Webs of disposability
The impacts of COVID-19 on essential workers closely parallels the other devastation that the pandemic has wrought in long-term care homes, prisons, housing, the colonial violence in Canadian healthcare systems, and the policing of Black and Indigenous communities among other related harms. All of which are built on systems that have by design, historically and contemporarily replaced care for Black, Indigenous, racialized, poor, disabled, elderly, and marginalized communities, with harm. Through shared interests, resource and information sharing, active channels of communication, and common design, LTC home, prison, healthcare, and criminalization systems also actively work together to entangle the same people in their webs of disposability.
Just as the virus is particularly harmful for people with pre-existing health conditions, the pandemic has exacerbated systemic inequalities and inequities that pre-exist it. As such, we are forced to confront the very real ways in which those who have been directly impacted have been rendered vulnerable to the pandemic by systems that constantly attempt to dispose of them.
Pray that our prayers are revolutionary
When I think about prayer I think about talking to my late grandfather, asking him questions I long for him to answer. I think about relatives and other loved ones who have gone before me, but who have grafted themselves onto my own life which I feel daily. I think about those who came before me, who I have only known through stories both generously shared with me and left to my own imagination, and trying to honour their legacies. I think about imagining different circumstances where love and care thrive, especially for those to come.
If prayer is all these things, prayer is fundamentally about collective action to demand that nothing and no one is disposable, something that should not have to be demanded in the first place. Prayer is demanding universal paid sick leave for all workers, including the passing of Bill 239. It is demanding the safe decarceration of incarcerated peoples while abolishing prisons and the broader criminalization and punishment system including the police altogether, and simultaneously creating systems and resources so that we can keep each other safe. It is demanding status for all while eliminating borders, returning the stolen lands that those borders have been imposed on, and eroding imperial forces that push people out of their homelands. So I pray that we put a human face to the pandemic, and are moved to hold oppressors accountable, dismantle death-making systems, and build our capacity for care. I pray that our prayers are revolutionary.

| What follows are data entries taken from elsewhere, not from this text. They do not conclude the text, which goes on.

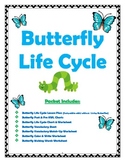 Beautiful Butterfly Life Cycle Packet!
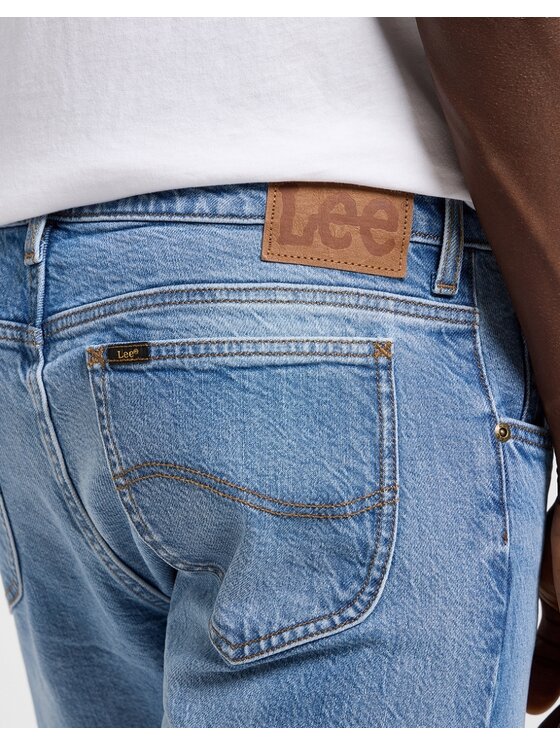 Lee Lee Jeansy RIDER Niebieski Slim Fit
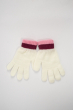 Комплект детский (для девочки) шапка, шарф и перчатки 120PTEM001 junior вишнево-белый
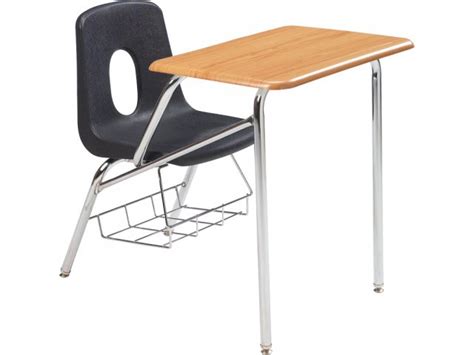 Poly Student Chair Desk - WoodStone Top 18"H, Student Chair Desks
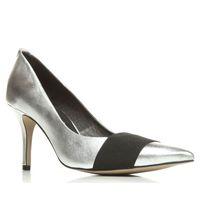 moda in pelle colwin silver heeled day shoes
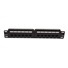 10" Patch panel LEXI-Net 12port, UTP, Cat5E, duální svorkovnice, černý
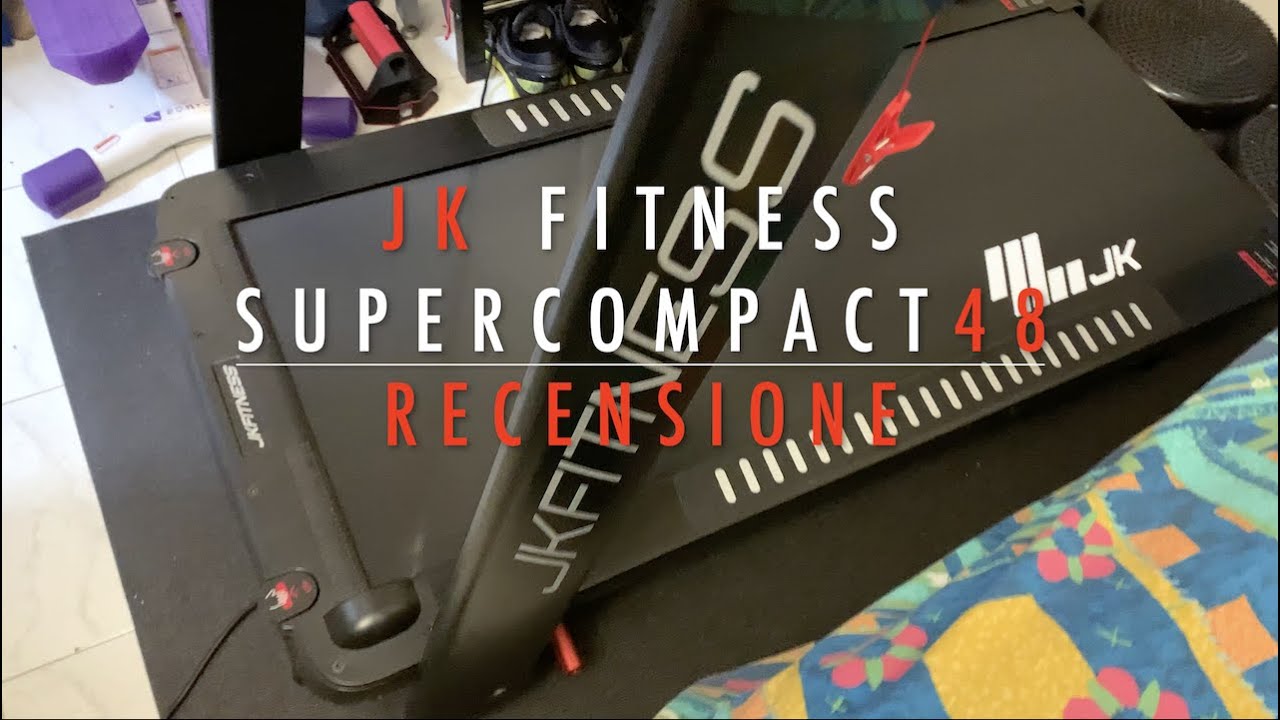 JK Fitness Supercompact 48 tapis roulant 🔴 Recensione 🔴 4K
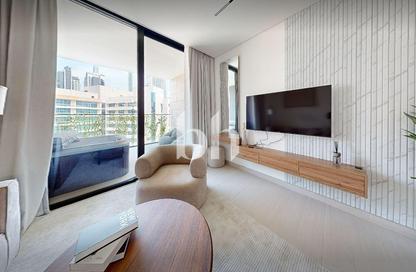 Apartment - Studio - 1 Bathroom for rent in Trillionaire Residences - Business Bay - Dubai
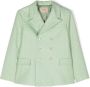 Gucci Kids Blazer met dubbele rij knopen Groen - Thumbnail 1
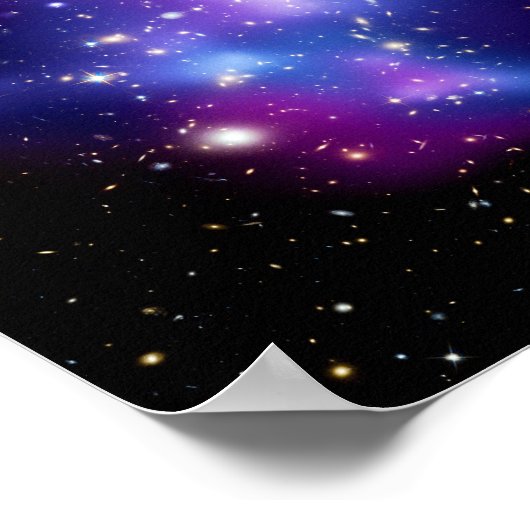 Poster Galaxy Cluster MACS J0717 Photo spatiale (Coin)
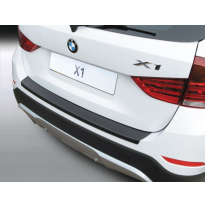 Protector Para El Paragolpes Trasero Abs  Bmw X1 Sport/X-Line 2012-  Color Negro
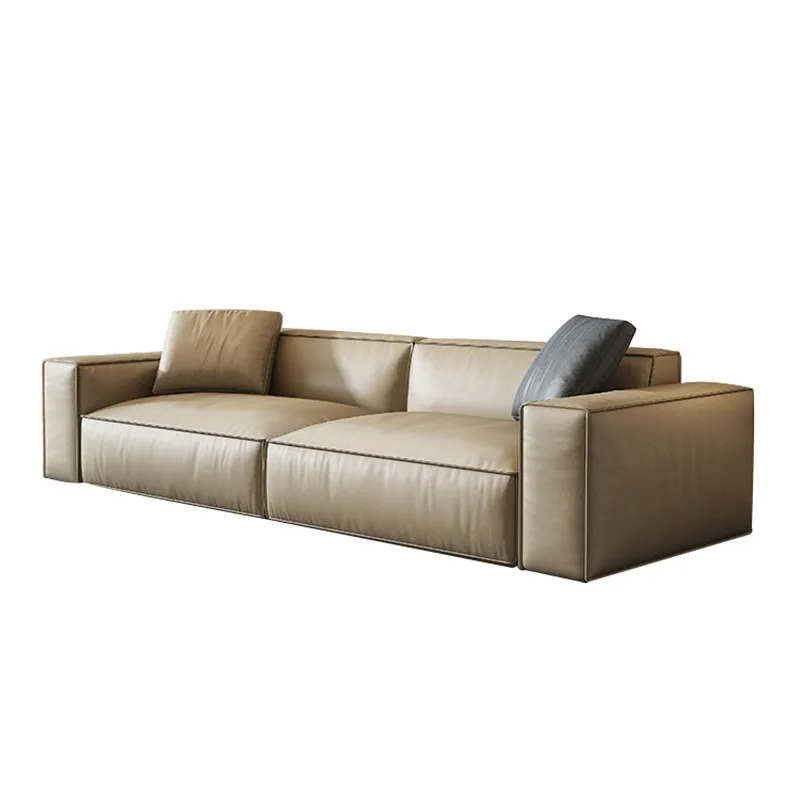 Factory Supplier Living Room L Shape Vintage Genuine Leather Furniture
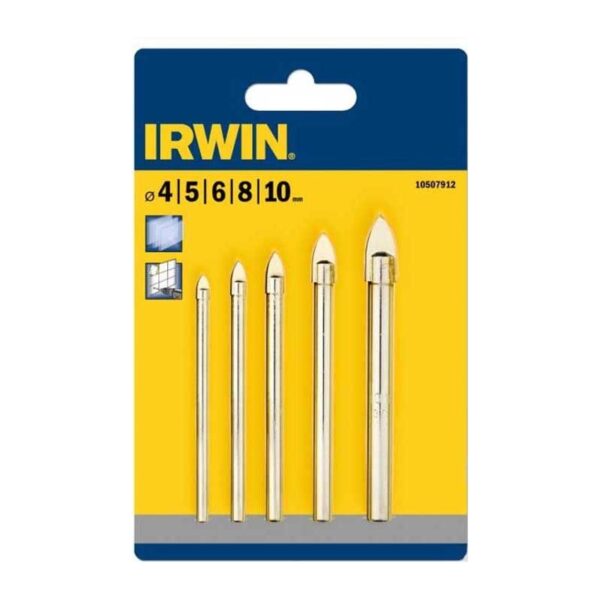 Zestaw wierteł do szkła i płytek 5 szt. (4,5,6,8,10 MM)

The pandemic tells us how deeply connected these distinct struggles are across the globe, and reminds us of the ongoing urgency of Mariame Kaba calls co-strugglership. That solidarity is more than a hashtag or diversity and inclusion policies, it is a site of ongoing struggle rooted in a deep understanding of our shared humanities, histories, and futures. It is our commitment to our obligations to one another, and a recognition that it is only through honouring those obligations that we can have any futures.

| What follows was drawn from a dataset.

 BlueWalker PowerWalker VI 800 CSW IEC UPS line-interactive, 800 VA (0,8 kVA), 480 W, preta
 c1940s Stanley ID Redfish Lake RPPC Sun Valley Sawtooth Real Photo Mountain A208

This past year has shown me the strength of mutual aid and community care. It is far more sustainable and powerful than the settler state and white supremacy will ever be. Worlds outside capitalism, settler colonialism and white supremacy are not just coming, they have always been here. We must nurture them, nurture one another, and nurture the lands that hold us all together for those who have come before us, those with us now, and those to come.